Una povertà in evoluzione di cui la politica sembra non accorgersi, poco interessata a quanto pubblicato nei rapporti ISTAT e Caritas su un tema tanto difficile da comprendere quanto da fare proprio, da rendere argomento centrale di un governo che ci assicurano dei migliori ma che di prioritario pare abbia soprattutto l’adesione al conflitto ucraino – partecipando alla fornitura di armi, equipaggiamenti, uomini e risorse ingenti – mentre la famiglie arrancano sempre di più non arrivando, altro che a fine mese, neanche ai primi giorni del mese. Si finisce così con l’indebitarsi tramite i canali ordinari e, purtroppo, anche quelli illegali, aumentando di circa 21.9 miliardi il debito da 574.8 miliardi di fine anno scorso, non considerando l’usura, problema da sempre preoccupante e difficilmente quantificabile, ma con cifre da capogiro e conseguenze catastrofiche sul piano della sicurezza personale e sociale.

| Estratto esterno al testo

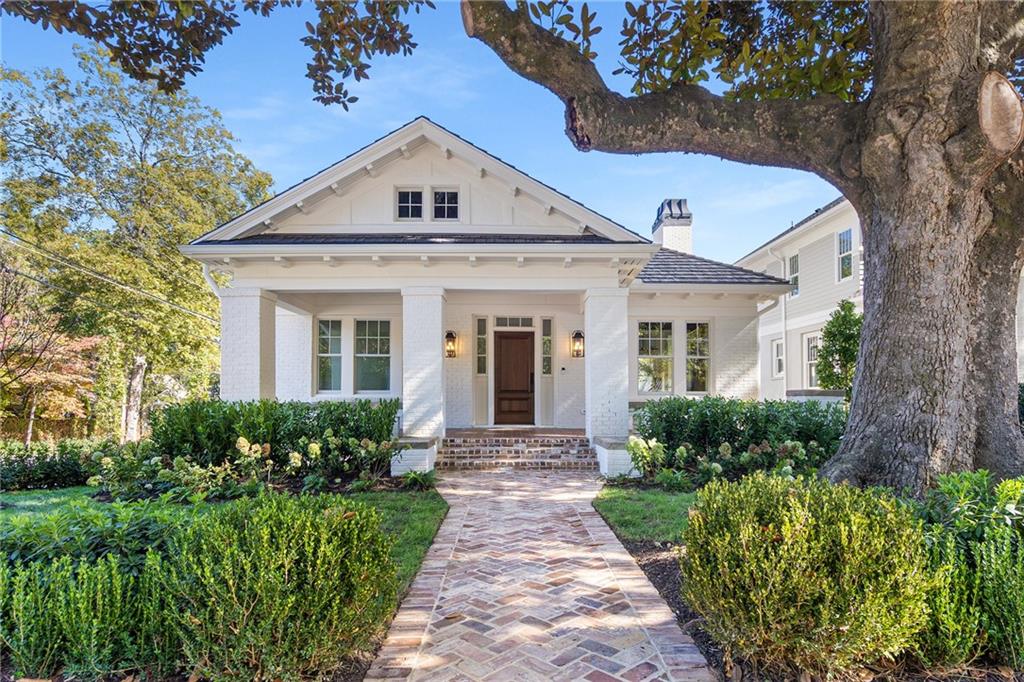 1323 N Highland Avenue NE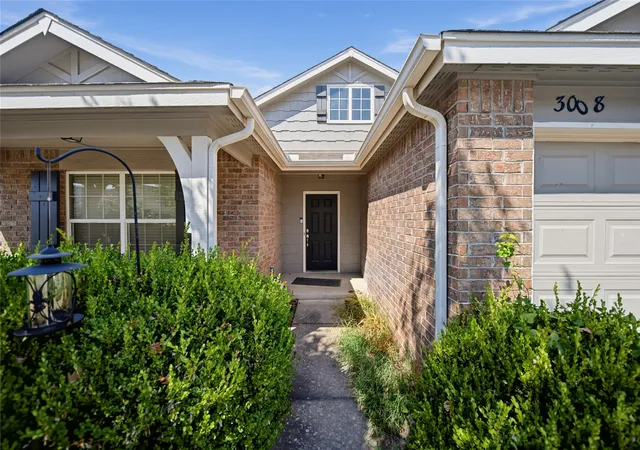Photo 3 of Single family home for sale at 3008 N 22nd Street, Broken Arrow, OK 74012 | MLS# 2633498 | Listing updated on 2026-09-11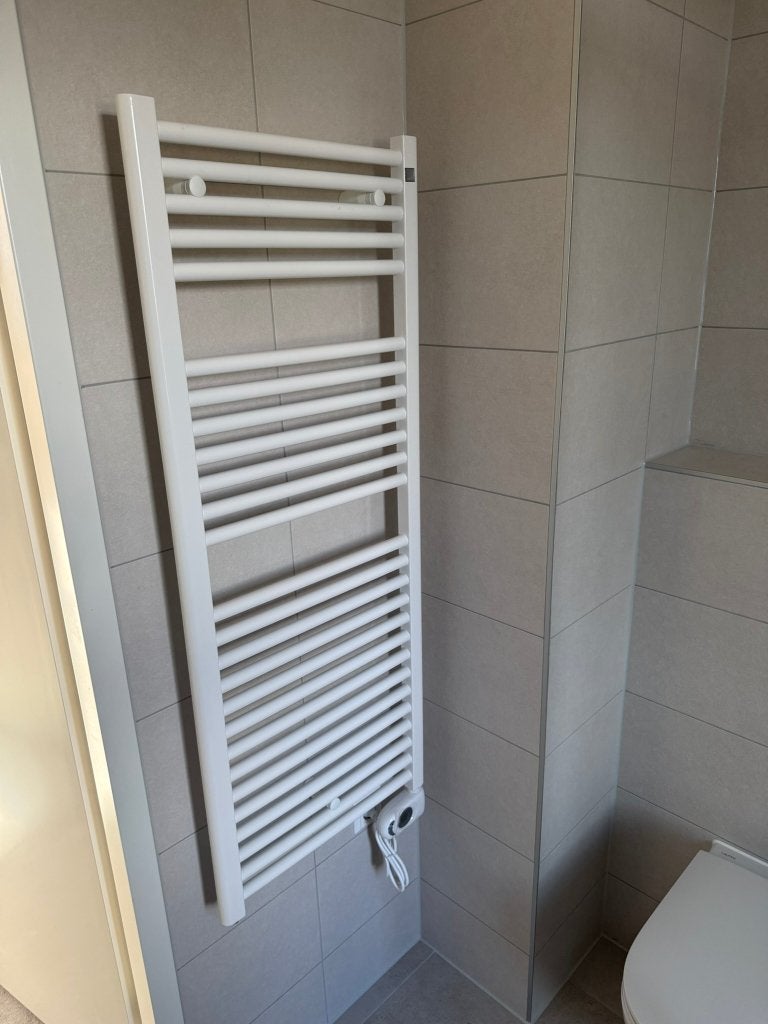 Zehnder Aura BPEZ-120-50/MQ Elektrische Radiator 750W, Ophalen, Radiator, Nieuw, Minder dan 60 cm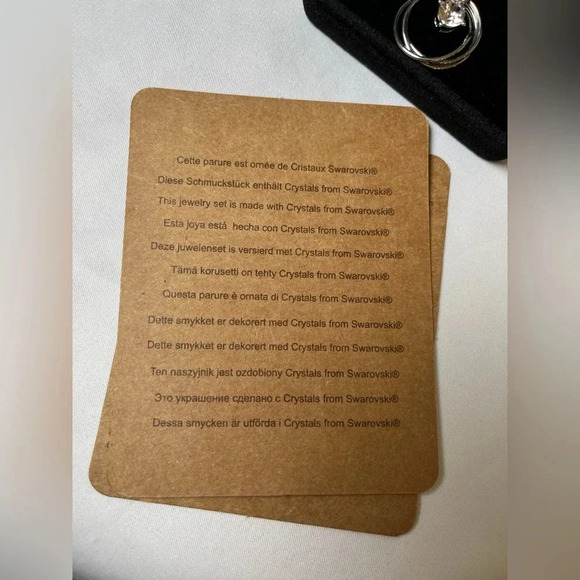 Swarovski and Yves Rocher crystal necklace - Picture 7 of 8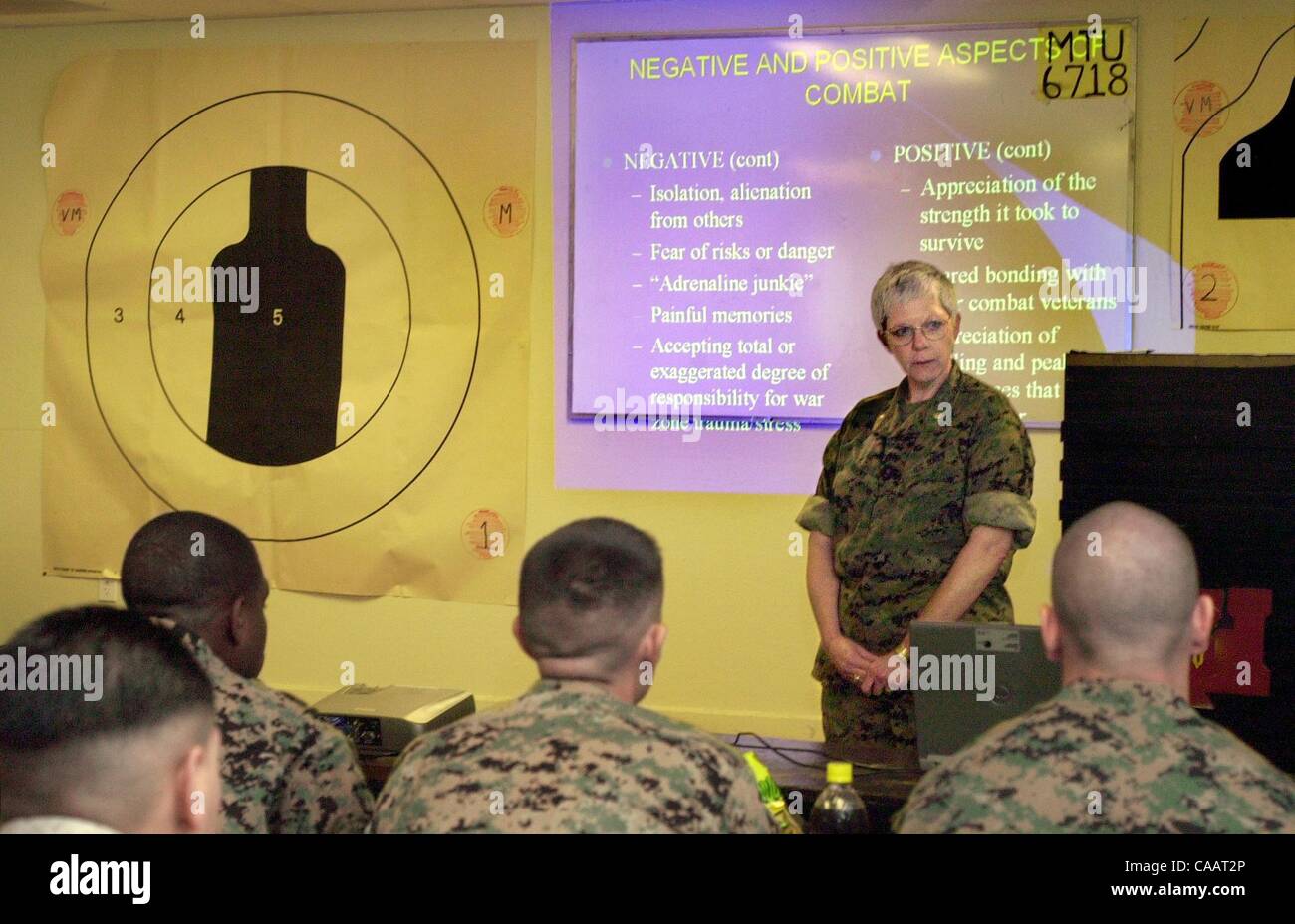 (Publié le 07/01/2004, A-21, les UT1816981) Navy Lieutenant-commander BETTYE BURNS (CQ), un Camp Pendleton travailleur social, procède à une classe sur la façon de traiter avec le stress de combat à un groupe de Marines qui revient d'Irak. U/T photo CHARLIE NEUMAN Banque D'Images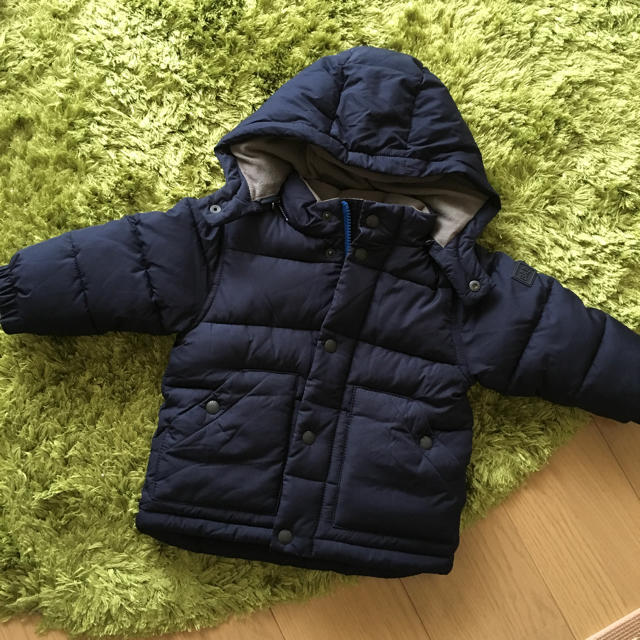 babyGAP(ベビーギャップ)のダウンコート 年内限定値下げ中！ キッズ/ベビー/マタニティのキッズ服男の子用(90cm~)(コート)の商品写真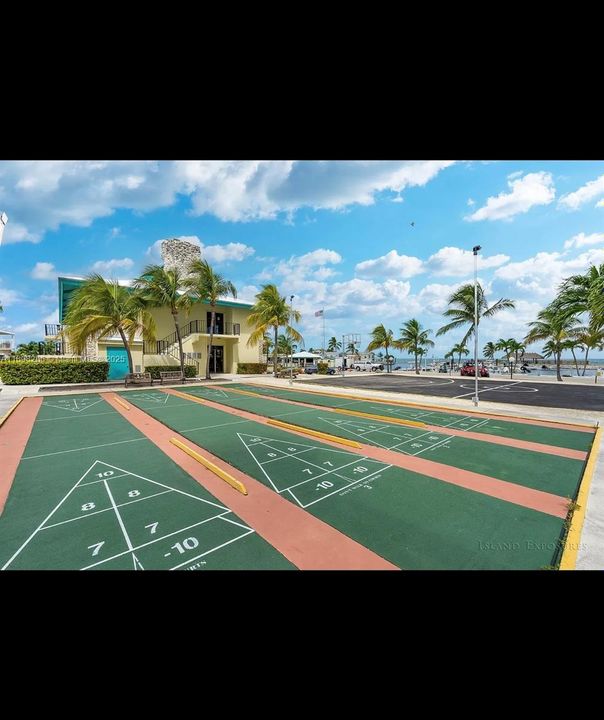 For Rent: $3,000 (2 beds, 2 baths, 816 Square Feet)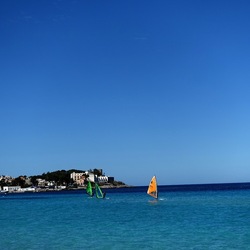 MONDELLO. Fotografie di Giulio Azzarello ©2024.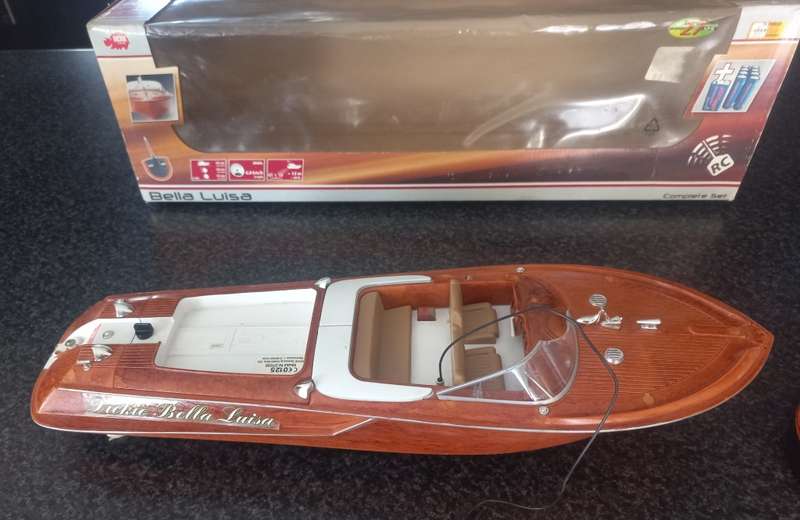 BELLA LUISA RADIO CONTROL BOAT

Il passaggio alla povertà assoluta di quanti precari o disoccupati. da prima della pandemia ai giorni nostri, è stato un fenomeno ampiamente prevedibile causato dalle insensate e scellerate politiche del lavoro, dall’abolizione delle tutele essenziali, dalle retribuzioni più basse d’Europa, che riguardano tutte le categorie di lavoratori. Un’evoluzione della povertà non casuale le cui responsabilità vanno ricercate nei luoghi preposti, nelle istituzioni e nei rappresentanti di quegli esecutivi che hanno fatto finta di nulla, riempendosi la bocca di buoni propositi a favore delle fasce più bisognose, con qualche forza politica che, presa dall’eccessivo entusiasmo, aveva persino proclamato di averla sconfitta, la povertà.
Il rapporto Oxfam relativo al nostro Paese ha chiaramente evidenziato che la pandemia ha aggravato le condizioni economiche delle famiglie e nel contempo ha accresciuto la concentrazione della ricchezza dei pochi. Nel periodo che va da marzo 2020 a novembre 2021 la lista Forbes dei più facoltosi si è arricchita di almeno tredici unità e il patrimonio dei supermiliardari è aumentato di almeno il 56%. Altro dato, i 40 supermiliardari italiani possiedono l’equivalente della ricchezza del 30% dei loro connazionali più poveri: diciotto milioni di persone, come del resto avviene anche in altre parti del mondo.
Cifre che dovrebbero far riflettere sui modelli di società in cui la forbice tra ricchezza e povertà diventa sempre più larga e inaccettabile sul piano della giustizia sociale, dell’equa distribuzione delle ricchezze e dei sistemi ormai ampiamente fallimentari che privilegiano il benessere, la vita, l’esistenza di pochi a svantaggio della maggioranza. Sono questi i temi di cui si parla poco o per niente. Eppure, le piazze si sono riempite persino dei no tutto, rasentando spesso il ridicolo e ponendo il bene comune in fondo alla lista delle priorità.
Un futuro certamente pieno di ombre riservato ai giovani costretti a pagare l’idiozia di buona parte dei lori padri, incapaci di creare le condizioni di un cambiamento radicale, sempre più una chimera, spalancando le porte all’autodistruzione e salvando sull’arca di Noè quei pochi per i quali abbiamo provveduto a creare ricchezza.